Consider a linear homogeneous system of equations \( A\mathbf{x} = \mathbf{0} \), where \( A \) is an \( n \times n \) matrix, \( \mathbf{x} \) is an \( n \times 1 \) vector, and \( \mathbf{0} \) is an \( n \times 1 \) null vector. Let \( r \) be the rank of \( A \). For a non-trivial solution to exist, which of the following conditions is/are satisfied?

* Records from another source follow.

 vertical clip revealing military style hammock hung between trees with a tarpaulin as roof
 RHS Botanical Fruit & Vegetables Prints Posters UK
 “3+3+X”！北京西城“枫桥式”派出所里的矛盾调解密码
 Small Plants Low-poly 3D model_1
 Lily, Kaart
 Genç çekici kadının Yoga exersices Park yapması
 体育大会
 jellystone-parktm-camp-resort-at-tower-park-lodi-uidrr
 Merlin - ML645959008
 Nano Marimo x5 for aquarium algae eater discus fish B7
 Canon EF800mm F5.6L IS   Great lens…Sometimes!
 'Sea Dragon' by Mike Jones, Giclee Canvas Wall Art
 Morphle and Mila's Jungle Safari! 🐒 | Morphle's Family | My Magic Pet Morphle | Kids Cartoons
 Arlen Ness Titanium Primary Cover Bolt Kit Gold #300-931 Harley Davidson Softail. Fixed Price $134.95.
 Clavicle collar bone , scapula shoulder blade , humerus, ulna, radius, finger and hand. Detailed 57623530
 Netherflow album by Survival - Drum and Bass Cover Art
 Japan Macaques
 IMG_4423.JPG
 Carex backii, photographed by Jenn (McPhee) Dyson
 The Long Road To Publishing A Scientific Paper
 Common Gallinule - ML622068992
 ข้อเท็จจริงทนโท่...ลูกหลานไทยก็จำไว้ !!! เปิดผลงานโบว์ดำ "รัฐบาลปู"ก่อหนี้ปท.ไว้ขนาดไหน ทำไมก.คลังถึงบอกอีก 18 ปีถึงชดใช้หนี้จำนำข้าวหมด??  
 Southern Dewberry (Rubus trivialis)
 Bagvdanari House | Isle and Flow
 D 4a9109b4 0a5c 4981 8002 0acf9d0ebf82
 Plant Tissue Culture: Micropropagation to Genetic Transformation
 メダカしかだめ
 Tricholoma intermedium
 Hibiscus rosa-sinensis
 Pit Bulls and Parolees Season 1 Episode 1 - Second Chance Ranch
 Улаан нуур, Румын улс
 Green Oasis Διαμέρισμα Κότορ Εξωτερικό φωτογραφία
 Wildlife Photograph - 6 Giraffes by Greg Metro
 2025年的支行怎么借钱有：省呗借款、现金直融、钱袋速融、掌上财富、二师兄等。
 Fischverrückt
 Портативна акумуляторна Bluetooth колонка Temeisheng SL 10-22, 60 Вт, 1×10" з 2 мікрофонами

• A. Determinant of \( A = 0 \)
• B. \( r = m<n \)
• C. \( r<n \)
• D. Determinant of \( A \neq 0 \)

Hint:

For homogeneous systems, the determinant and rank conditions determine the existence of non-trivial solutions. A singular matrix (\( \det(A) = 0 \)) and rank \( r<n \) are necessary for non-trivial solutions.

Answer 1

The Correct Option is A

Step 1: Analyze the system of equations \( A\mathbf{x} = \mathbf{0} \). A non-trivial solution to a homogeneous system \( A\mathbf{x} = \mathbf{0} \) exists only if the determinant of \( A \) is zero. This is because:
1. If \( \det(A) \neq 0 \), \( A \) is invertible, and the only solution is the trivial solution \( \mathbf{x} = \mathbf{0} \).
2. If \( \det(A) = 0 \), \( A \) is singular, and there are infinitely many solutions, including non-trivial solutions.
Step 2: Rank condition. The rank \( r \) of \( A \) determines the number of independent rows (or columns) of the matrix. For \( A\mathbf{x} = \mathbf{0} \):
1. If \( r = n \), \( \mathbf{x} = \mathbf{0} \) is the only solution (trivial solution).
2. If \( r<n \), there are \( n - r \) free variables, and a non-trivial solution exists.
Step 3: Evaluate the conditions.
- Condition (A): Determinant of \( A = 0 \) is satisfied for a non-trivial solution.
- Condition (B): \( r = m<n \) is not satisfied because \( r<n \) ensures a non-trivial solution.
- Condition (C): \( r<n \) is satisfied as it directly implies a non-trivial solution.
- Condition (D): Determinant of \( A \neq 0 \) contradicts the requirement for a non-trivial solution.
Step 4: Conclusion. The conditions satisfied for a non-trivial solution are: \[ \text{(A) Determinant of \( A = 0 \), (C) \( r<n \)}. \]